> _Try it_:
When the records are reproduced, each one must match exactly, and no picture may be kept.

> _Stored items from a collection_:
= Beginning of Section =

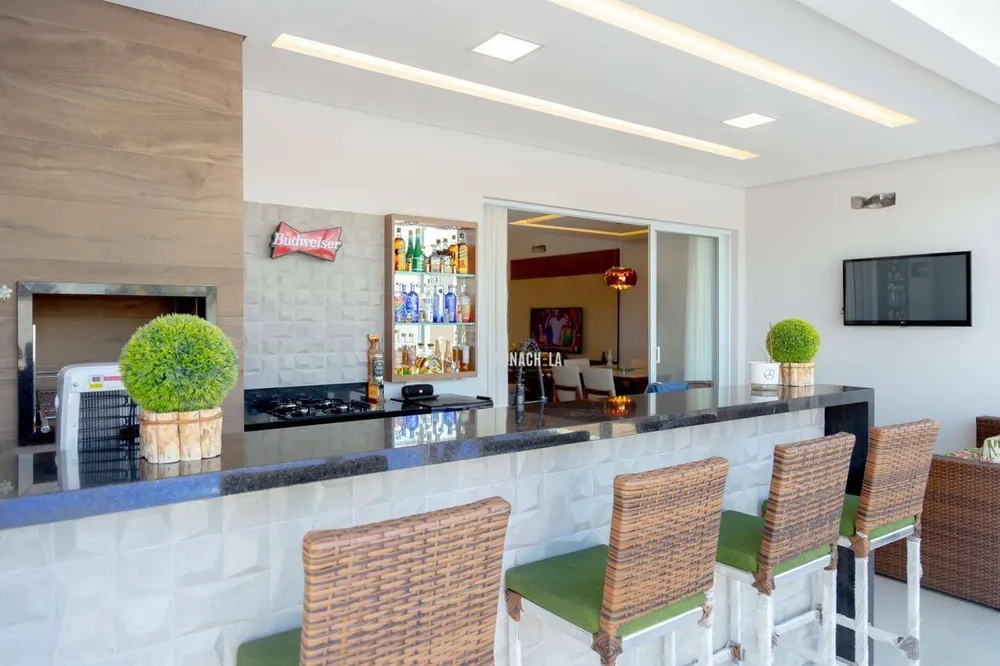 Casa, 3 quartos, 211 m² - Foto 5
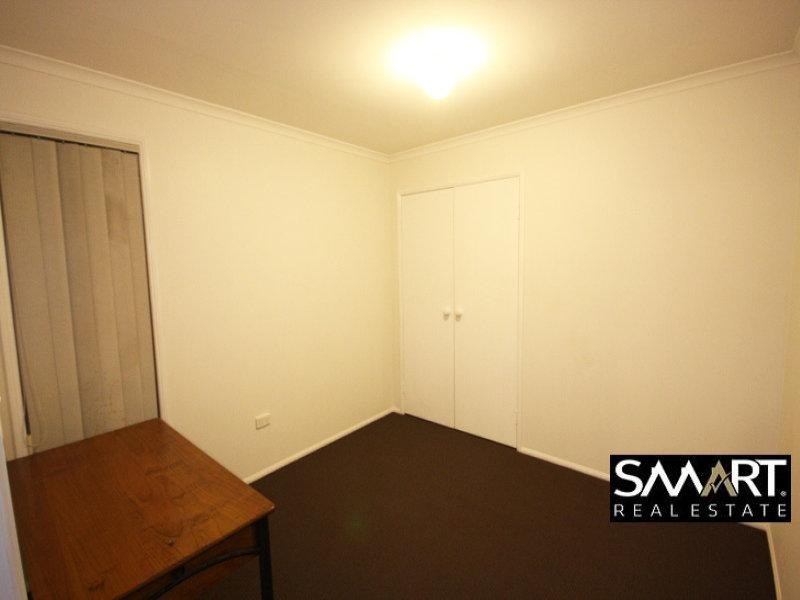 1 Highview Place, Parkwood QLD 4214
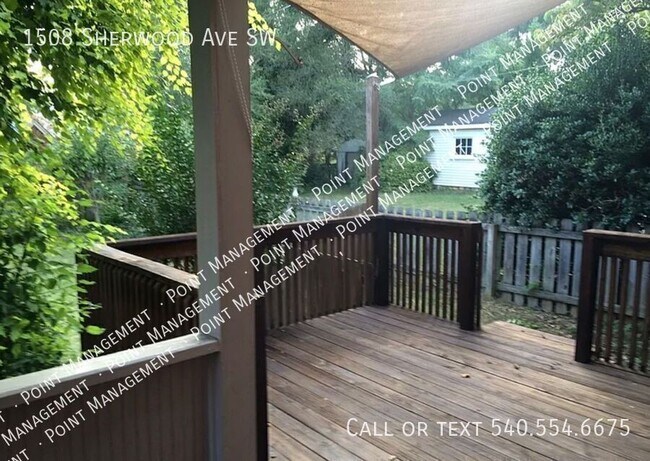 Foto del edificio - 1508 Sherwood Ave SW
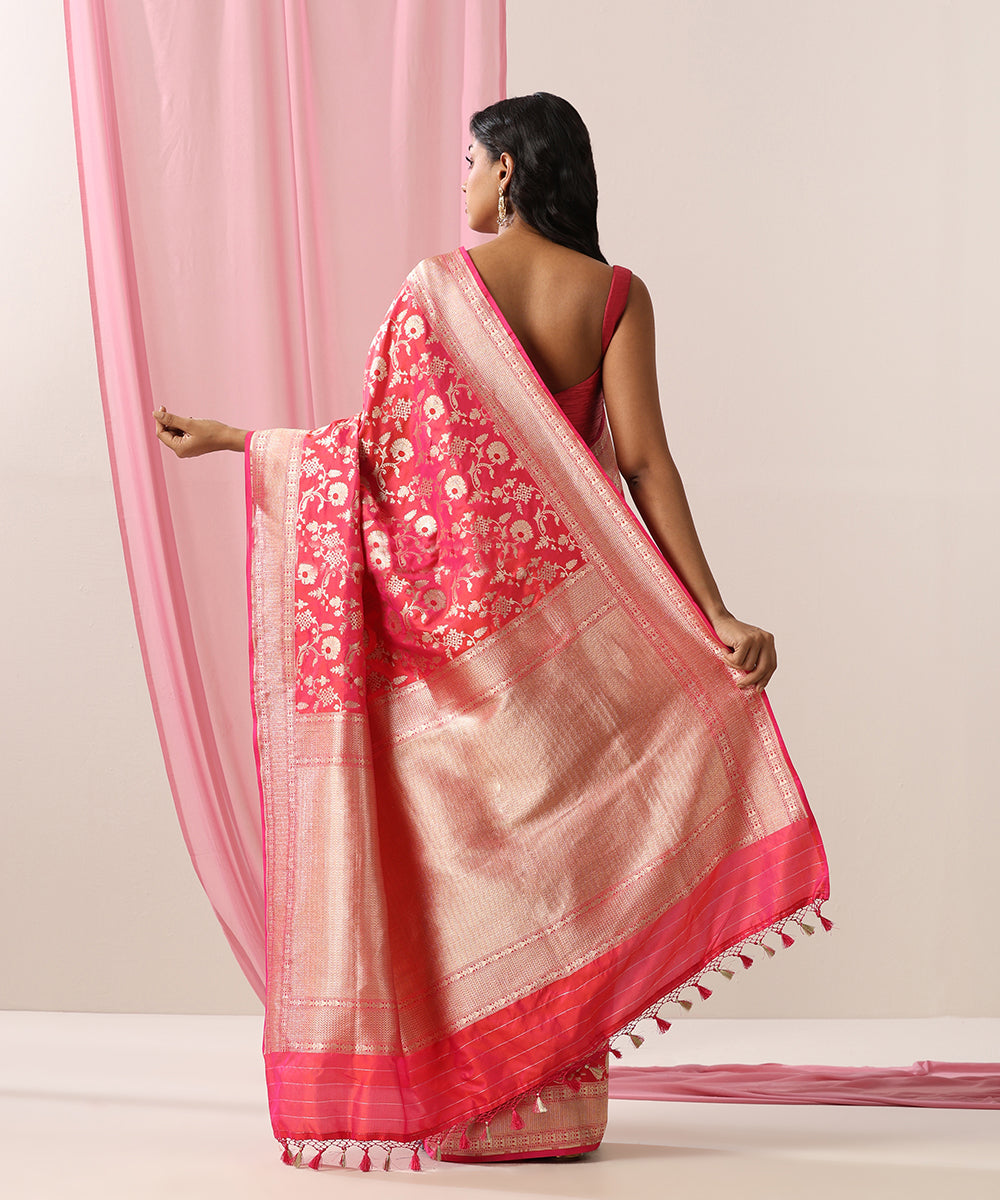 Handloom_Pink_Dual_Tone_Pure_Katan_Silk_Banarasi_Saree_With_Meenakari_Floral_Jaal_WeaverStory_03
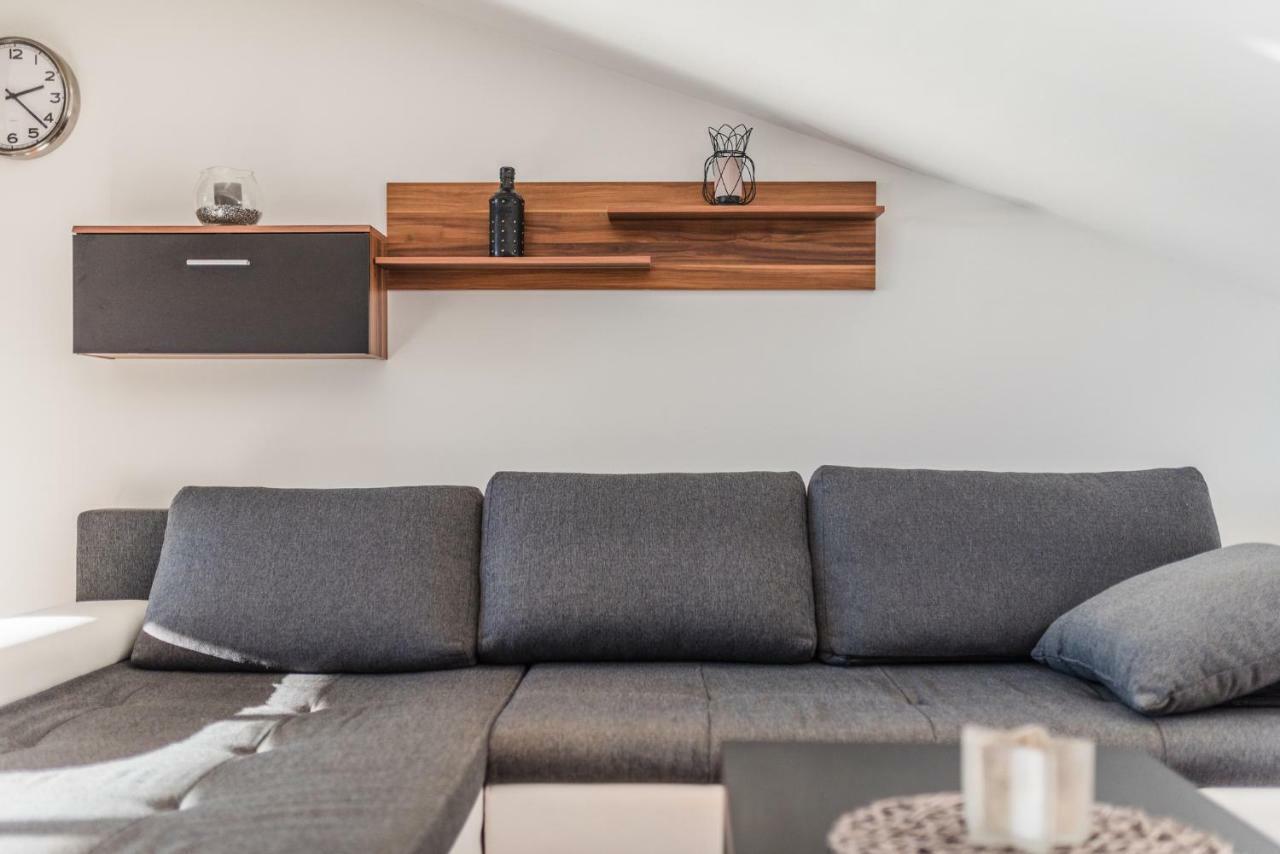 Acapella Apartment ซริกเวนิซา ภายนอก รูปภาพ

= End of Section =

> _Exercise response_:
 Casa, 3 quartos, 211 m² - Foto 5
 1 Highview Place, Parkwood QLD 4214
 Foto del edificio - 1508 Sherwood Ave SW
 Handloom_Pink_Dual_Tone_Pure_Katan_Silk_Banarasi_Saree_With_Meenakari_Floral_Jaal_WeaverStory_03
 Acapella Apartment ซริกเวนิซา ภายนอก รูปภาพ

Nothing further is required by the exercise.